Si tratteggia l’Italietta che vorrebbe ma non può. Non solo nel lavoro, dove Sergio subisce angherie economiche sfumate di truffa dal costruttore che lo schiavizza, un Gianfranco Gallo impeccabilmente sibillino. Ma dove i sogni artistici di Sabrina sono bloccati nei siparietti canterini da pianobar per neofascisti. A tal riguardo, Faccetta nera in versione animazione ristorante è chiaro segno dei nostri tempi: oggi il film vorrebbe criticare ma verrà frainteso dai più, per poi un domani essere osservato con inedito interesse per la ribellione stretta sotto i denti dei nostri artisti e autori attuali. E tutto per un comodo, condiviso meccanismo di valutazione timorosa dell’oggi. La Commedia all’Italiana girava intorno ai problemi, li avvolgeva, ma a un certo punto li colpiva frontalmente, non di striscio. E a suo modo cerca di fare lo stesso anche Ricchi di fantasia.

ricchi di fantasia

Andando avanti Micchiché mette in rilievo Antonio Catania e Antonella Attili, ricchi sfrenati e machiavellici. Escono frasi come: «La tristezza è per i ricchi» o «Per salvare la faccia rischiamo di perderla». Sì, perché ogni personaggio qui è impegnato a dimostrare quello che non potrebbe. La lotta di classe di una volta muta in guerra tra poveri. Tanto tra colleghi squattrinati con falsi biglietti vincenti quanto tra nuovi membri di una famiglia allargata per sbaglio. Si capovolgono anche le politicizzazioni. I ricchi diventano di sinistra e i poveri più destrorsi. Addio slogan come potere operaio e potere al popolo. È il ricco che ha tempo e potere per acculturarsi e diventare fine intellettuale dalla parte del giusto, seppur umettato di cupidigia. Al povero restano invece sole, cuore e livore. Ora vale un si salvi chi può generalizzato, apparentemente orizzontale. Ognuno con i propri mezzi. Ricchi o poveri che siano. Leciti o meno. Il ché ci richiede un’osservazione più complessa rispetto al passato.

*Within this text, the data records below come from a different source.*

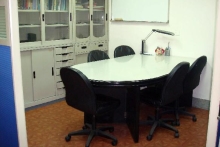 塑膠鋼模廠會議室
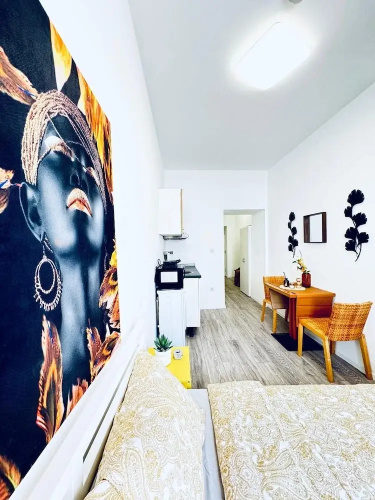Cozy and Affordable Palace Studio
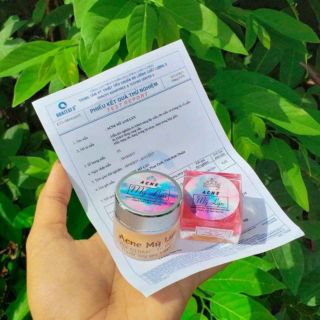 ACNES MỸ LYN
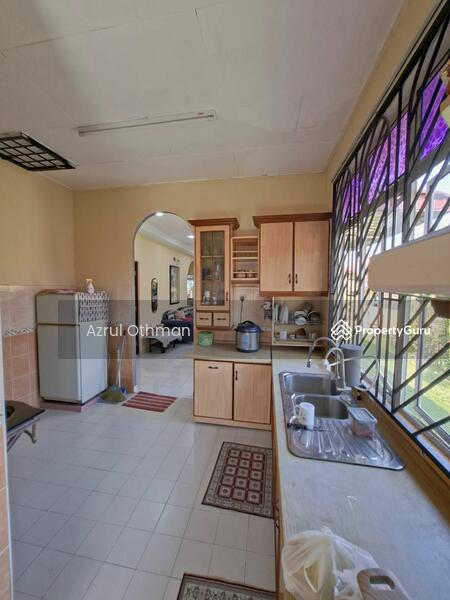Untuk Dijual - Semi-Detached House at Taman Panchor Jaya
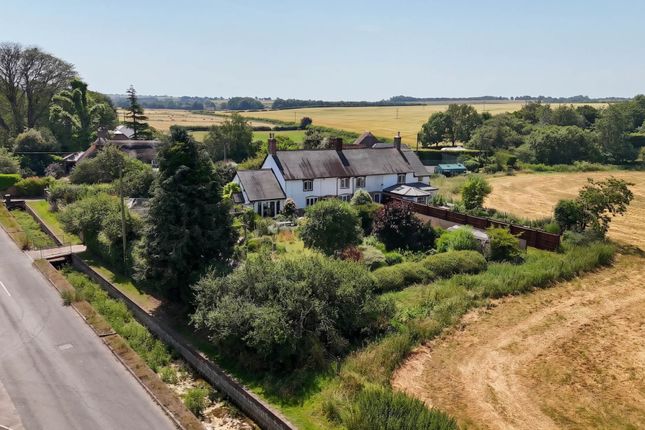 2 bed property, in South Farm Cottages, £525,000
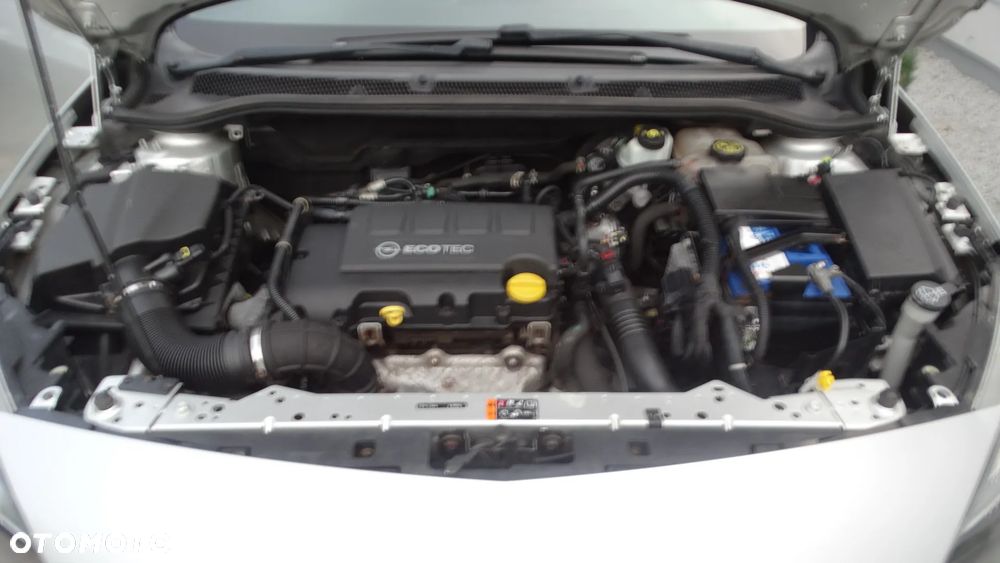 Opel Astra 1.4 T Cosmo - 22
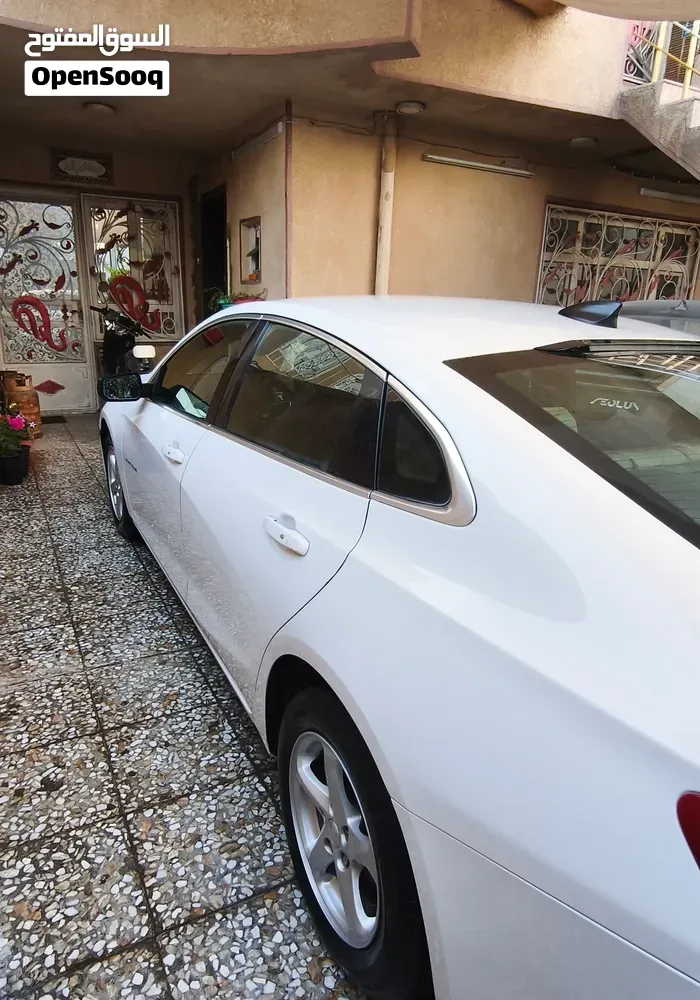 Chevrolet Malibu 2018 photo 2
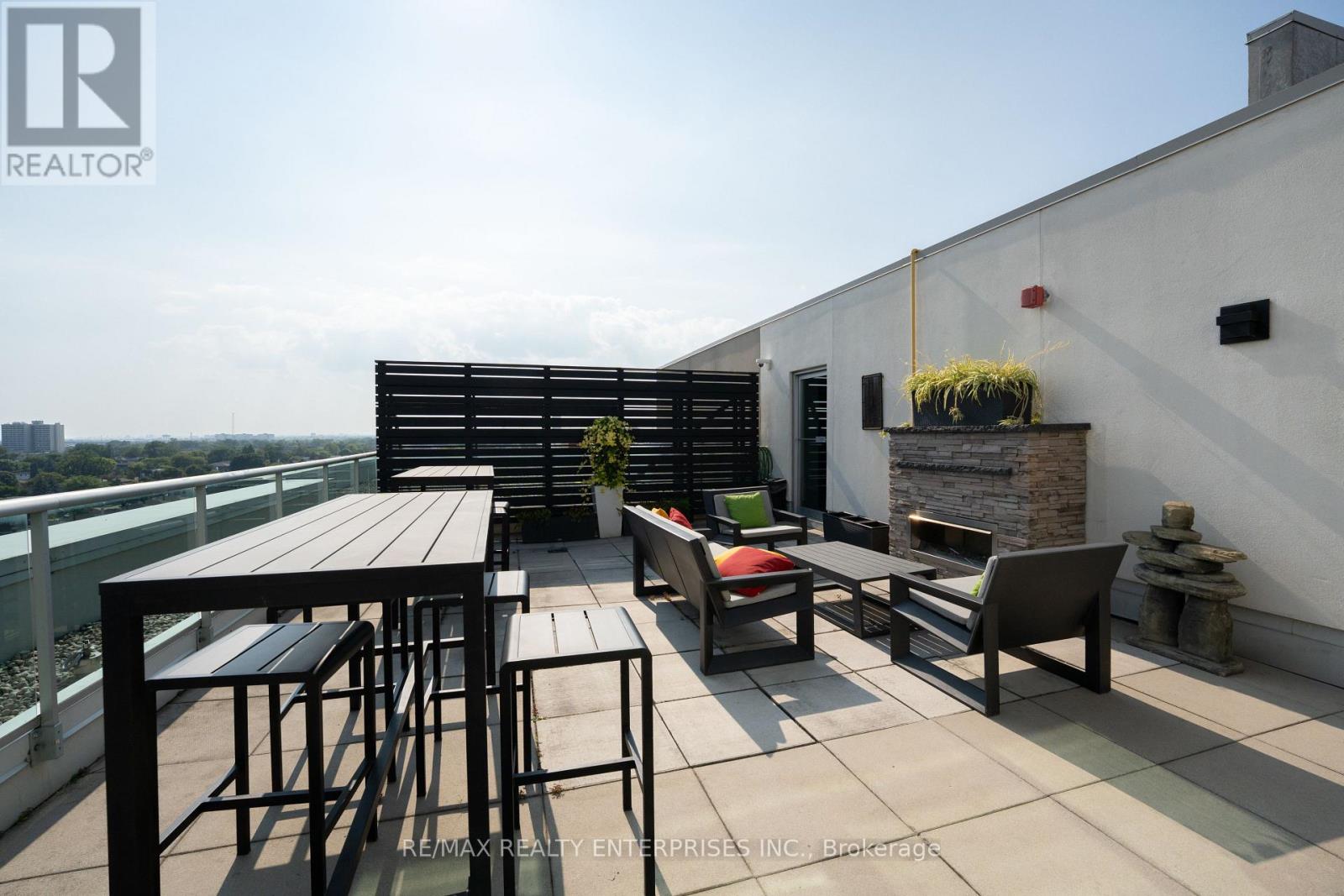 Photo 3 of 333 200 Manitoba Street, Toronto ON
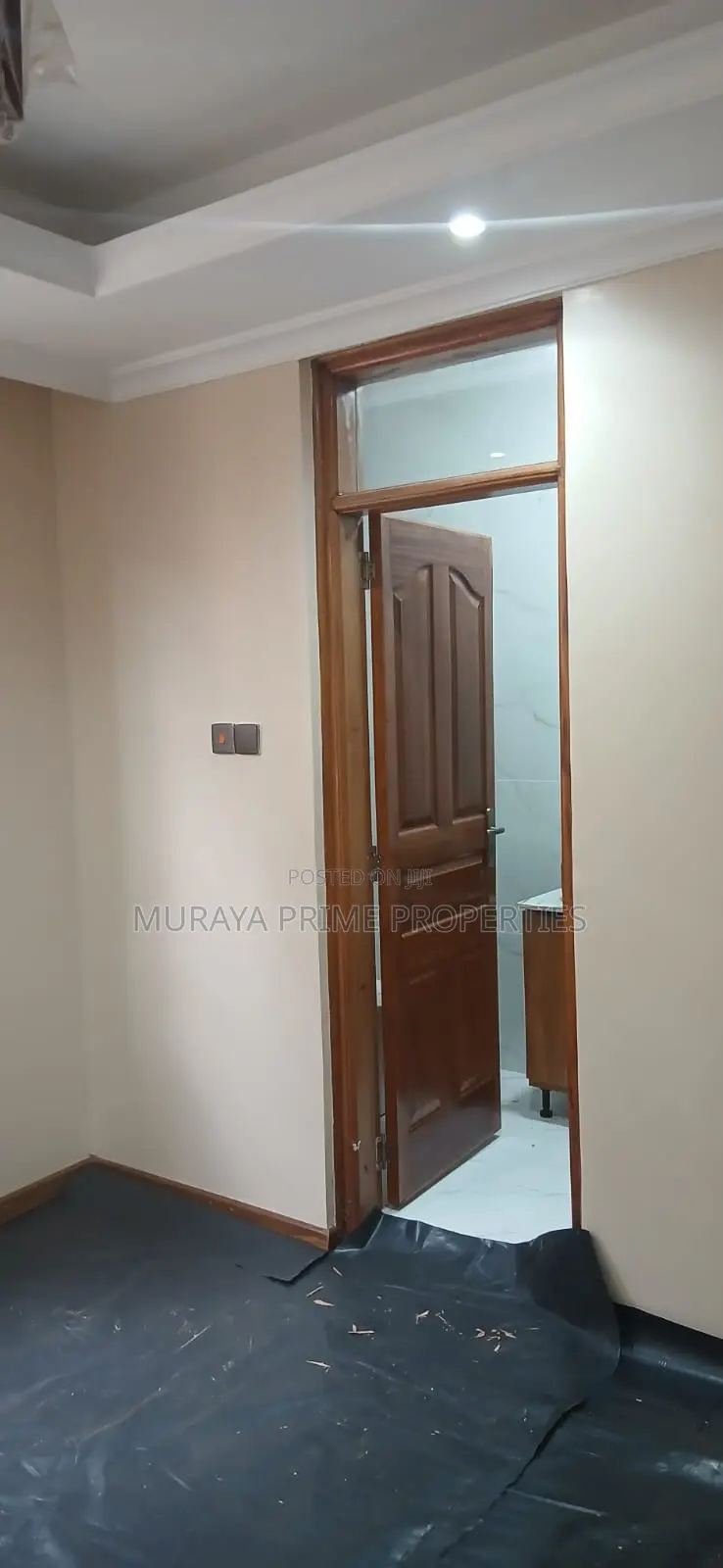 5bdrm Maisonette in Kerarapon for sale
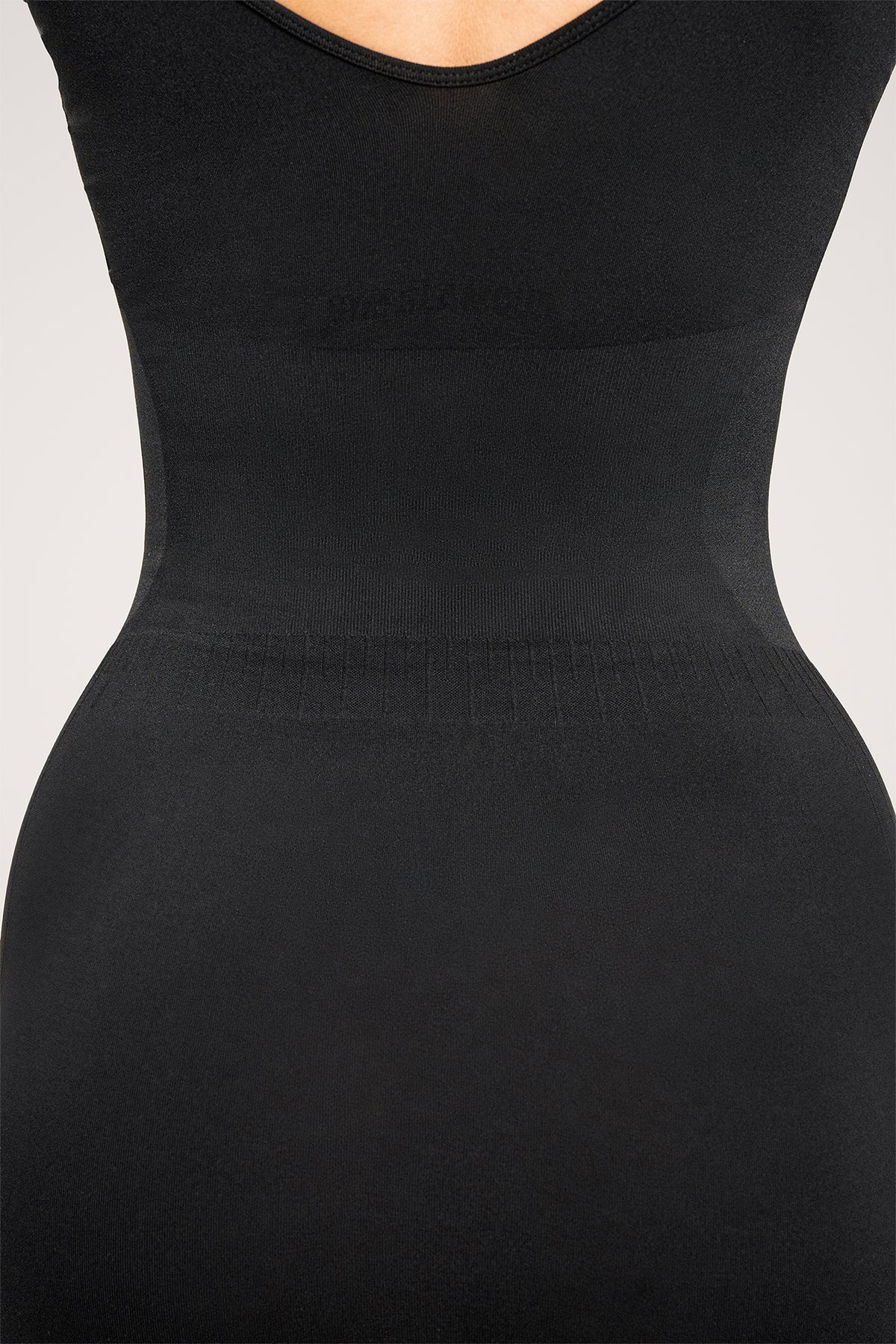 Sukienka modelująca black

Si ride amaro e di cuore in questa commedia che a ogni lettura è capace di mostrarci nuove sfaccettature. Finti poveri e finti ricchi si mescolano come carte ben orchestrate in un gioco di ruoli che ha solo rari momenti di stallo narrativo e un cast sempre frizzantino. «Viviamo in una società dove non c’è oggettività nella propria ricchezza»: ha ragionato durante la conferenza stampa di presentazione Paolo Calabresi, che interpreta il collega di Sergio, spalla d’appoggio e amico di sempre. «Ricchezza in sé è la finanza, ormai virtuale. Indipendentemente da questo siamo un paese che ha sempre fatto finta di essere più ricco di quello che è. Abbiamo voluto sempre aspirare ad essere qualcosa di superiore a ciò che eravamo. Chi fa finta di essere povero essendo ricco, lo fa per un piano deliberato. Invece chi finge di essere ricco, pur essendo povero, ha un piano di disperazione».

ricchi di fantasia

Tra gli attori spiccano poi la bambolosità new-age del personaggio di Matilde Gioli, che fa la figlia mitigatrice di Sergio, e il suo piccolo Art interpretato da Vincenzo Sebastiani. Viso pacioccone e linguetta pronta al tempo comico. Non manca nemmeno un curioso segno distintivo della commedia sentimental-familiare contemporanea lanciato da Moretti, poi perseguito da Muccino e tanti altri: la scena della canzone corale in automobile. E stavolta, scuserete lo spoiler, è il turno di Pupo. Con Su di noi. Cantiamo, ché ci passa.